To mark five years of the Rohingya crisis, Refugees International hosted a media briefing with the help of the U.S. Committee for Refugees and Immigrants on August 23, featuring Rohingya leaders from inside the refugee camps and the diaspora as well as policy experts.
In August 2017, Myanmar’s military regime executed a campaign of killing, maiming, and sexual violence against the Rohingya, displacing more than 700,000 refugees to Bangladesh. Five years later, nearly 1 million Rohingya continue to live in dire conditions in the largest refugee settlement in the world.
Earlier this year, the U.S. government formally determined that the Myanmar military committed genocide and crimes against humanity against ethnic Rohingya Muslims. However, there continues to be inadequate funding for the refugee camps in Bangladesh, and Rohingya living there face frequent flooding and fires. Rohingya also remain one of the largest stateless populations in the world since the Myanmar government refuses to offer Rohingya citizenship, and they are without legal status in neighboring Bangladesh.
The speakers at the media briefing highlighted conditions of the refugee camps in Bangladesh, outlined ongoing challenges Rohingya face, and spoke about the need for holistic and actionable solutions to address the root causes of displacement for Rohingya.
The briefing was moderated by Wai Wai Nu, former political prisoner and founder and Executive Director of the Women’s Peace Network in Burma. Throughout the briefing, she raised the difficult conditions that Rohingya face. “The deteriorating living conditions in the camps leave people with no choice but to leave the country or the camps. People are losing hope in the refugee camps. There is a stronger need for the international community to have a more comprehensive response to the Rohingya crisis that address root causes and improve the immediate living conditions, security concerns in the refugee camps. Our speakers today actually has reminded us how important it is for the international community not to lose sight of Rohingya genocide, and [to step] up with the meaningful support,” said Wai Wai.
Wai Wai also spoke about the importance of including Rohingya voices. “Not having the voices of Rohingya at the center could cause misunderstanding and frustrations within the communities.” Wai Wai underscored that any decisions should include Rohingya themselves.

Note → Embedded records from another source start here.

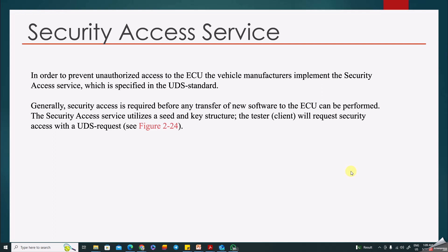Let's discuss the Security Access Service, one of the important services in UDS. It is used to unlock the ECU before performing data transfer or downloading new software. If you want to perform a download of new software, you need to unlock the ECU using the Security Access Service. Generally, a seed and key mechanism is used in this service.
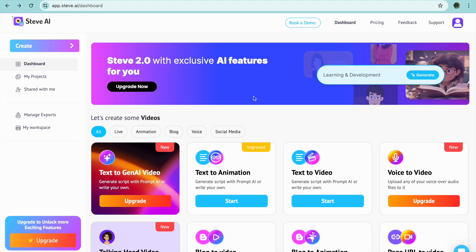Welcome to my Steve AI animation tutorial. In it I will be showing you how to use Steve AI and give you a full walkthrough of the Steve AI platform. To get started is completely free.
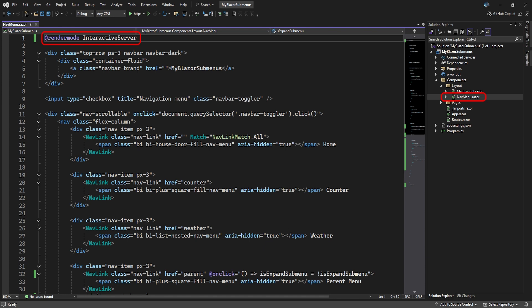For our menu to dynamically change, we need to set the render mode on the nav menu page to Interactive Server. Because we selected the per page or component interactivity location when we created the application, it allows us to set the nav menu page to be interactive.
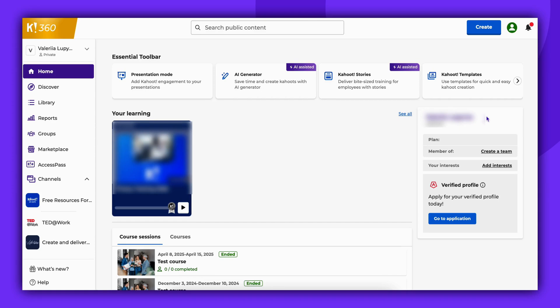Hello and welcome. In this video, we will take you through the process of assigning a Kahoot. Assigning Kahoots is an excellent method to allow participants to join and complete the Kahoot at their own pace. This is not a simultaneous experience.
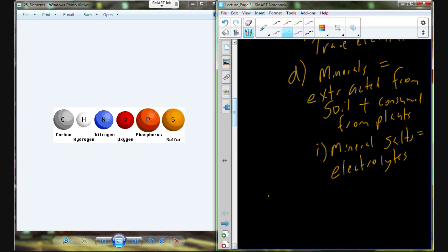When we come back next Monday, tonight's cliffhanger is going to be electrons. We will pick up there on next Monday. Thank you.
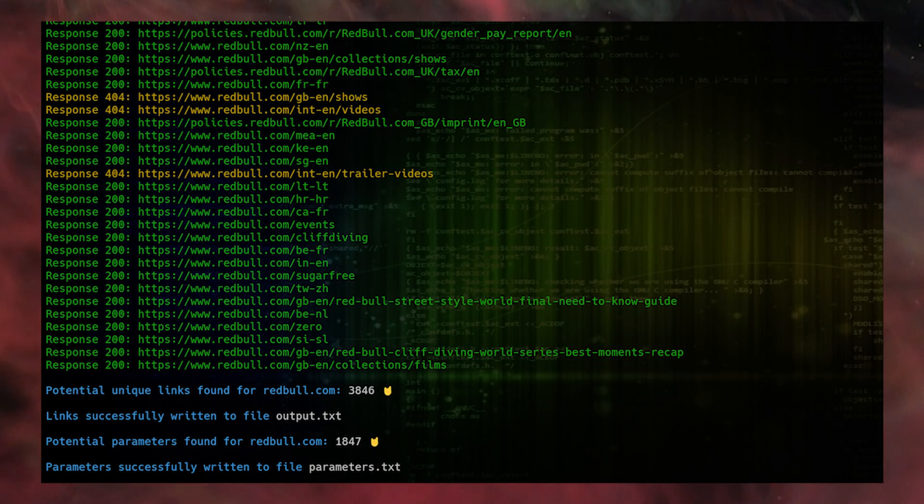The installation and setup for xnl-linkfinder are very simple — no heavy lifting required. That was the video. Thanks for watching, and don't forget to check out all the links from Professor and xnl-hacker mentioned in the description. See you guys in the upcoming video.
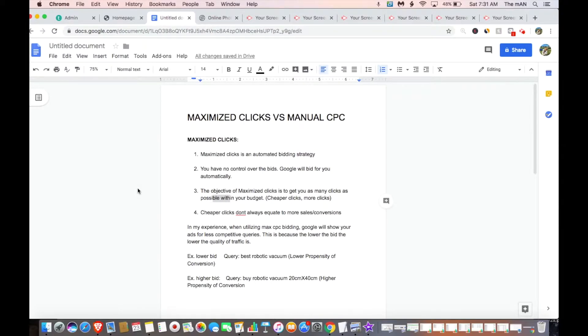Alright guys, welcome back — we're on my computer. In this video, we're going to go over the difference between maximized clicks and manual CPC so you know which one is right for you when you first launch your campaign.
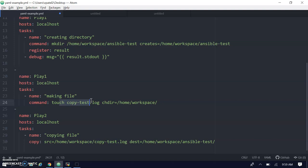Ansible modules are really easy to learn. As you work with modules, they implicitly give you parameter properties. There are thousands of examples available in the Ansible documentation that you can use for your specific use cases. Thank you.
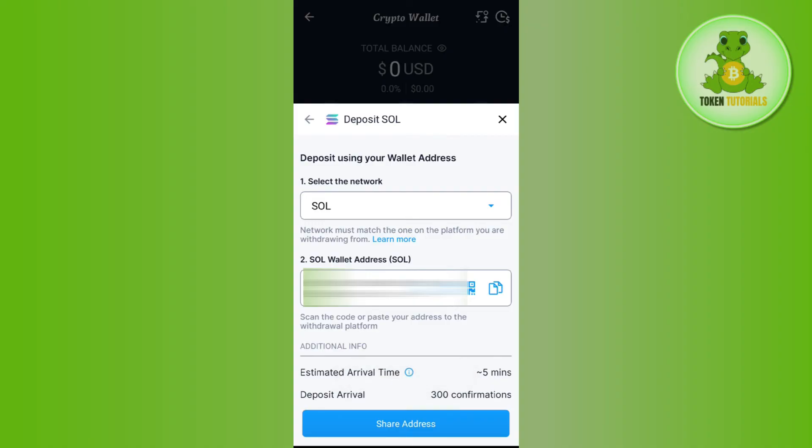You will be prompted that your wallet address is now copied. If you scroll down, you will be able to see the estimated arrival time and the deposit confirmations available. This is how you can easily find a crypto wallet address on crypto.com. I hope the video was helpful — if it was, don't forget to like and subscribe. Thank you for watching.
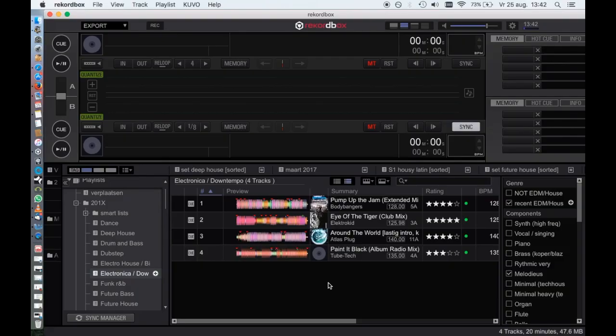You can export songs, playlists, album art, beat grids, cue points, and hot cues to USB drives.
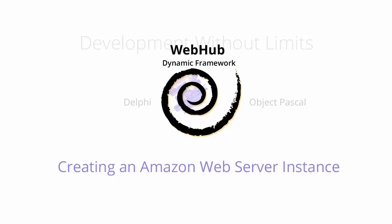Hello, and welcome to another edition of the Ahreftools Corp video tutorial series. Today we're going to be talking about how to create an Amazon Web Server instance.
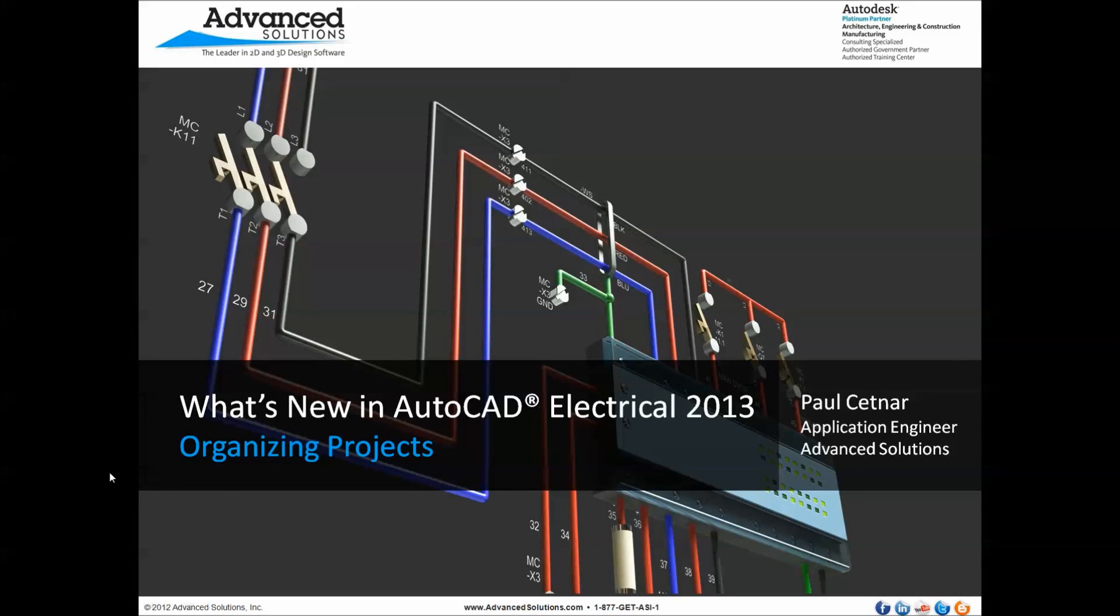Hello, my name is Paul Settner. I'm an applications engineer with Advanced Solutions Incorporated, and today I want to start taking a look at some of the what's new content in the 2013 Autodesk family of products. Today we'll take a look at AutoCAD Electrical and one of its newest capabilities, which is our ability to help organize our projects in a more concise and efficient manner.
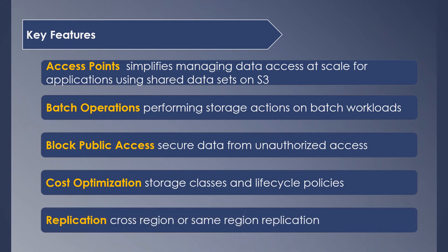Replications—you can set cross-region or same-region replication based on your need. This can be used to achieve various use cases like following compliance and standards, grouping logs across all regions into a single region for easy access, and regional efficiency by reducing the latency of the object near the user.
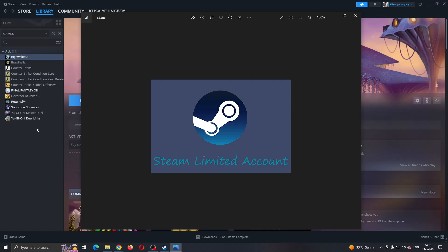Hey everybody, what's up and welcome back to today's video guys. Today I'm going to be showing you how to fix this problem right here that you may be having on Steam if it says that your account is limited. This is a common error that happens to a lot of people.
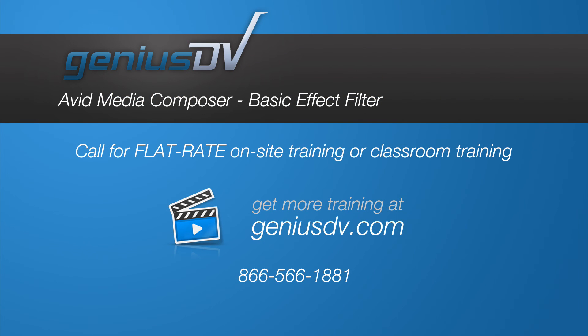And don't forget, GeniusDV also offers classroom and flat rate on-site Avid Media Composer training.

Rohingya women activist Umme Salma, who lives in the Kutupalong refugee camps, talked about the importance of education. “Due to systematic marginalization, …continuously lack of quality education, and income hours, …Rohingya girls have been victimized by domestic violence and child marriage.” Umme said that in Myanmar they could be whatever they wanted after graduation. “But here in the camps, there is no hope, no choice” so parents are turning toward early child marriage. Lastly, Umme said that “We need formal education with the certificate. Education is a fundamental human right for every Rohingya child. It has been five years and we are not getting any opportunities for formal education.”
And Rohingya activist Khin Maung, who also lives in the Kutupalong refugee camps, spoke about the need for real solutions and to address the root cause of the refugee crisis. The international community talks about “gender-based violence always, but they did not make any mechanism [of] protection…we all have responsibility to find out a solution. …Bangladesh has provided a critical lifeline, but we don’t want to depend on the Bangladesh government forever. …There is much [that] Bangladesh can do, but they cannot provide the long-term solution that our people need. We must look to the root cause of the crisis in Myanmar. But we cannot return to a place where we will be forced to flee again. …We cannot return to a place where we have no citizenship. …Rohingya are treated as a foreigner in their own land,” said Khin Maung.
Refugees International Deputy Director for Africa, Asia, and the Middle East Daniel P. Sullivan also spoke about the need to address root causes and offered some solutions, like the BURMA Act which was introduced in 2021-2022. It is a “clear, direct sign to the military junta that the United States is serious about addressing root causes and also includes authorization of further humanitarian aid. …[Currently,] the humanitarian response in Bangladesh for the Rohingya is less than 25% funded, so there’s clearly a need for sustained and increased funding. …The most immediate thing that is available to address these, and that captures a lot of these issues, is the BURMA Act that is before the U.S. Senate.”
Wai Wai stated that the “BURMA Act has almost everything that we need, and that would allow the [Biden] administration to effectively support the Rohingya community in Burma and Bangladesh.”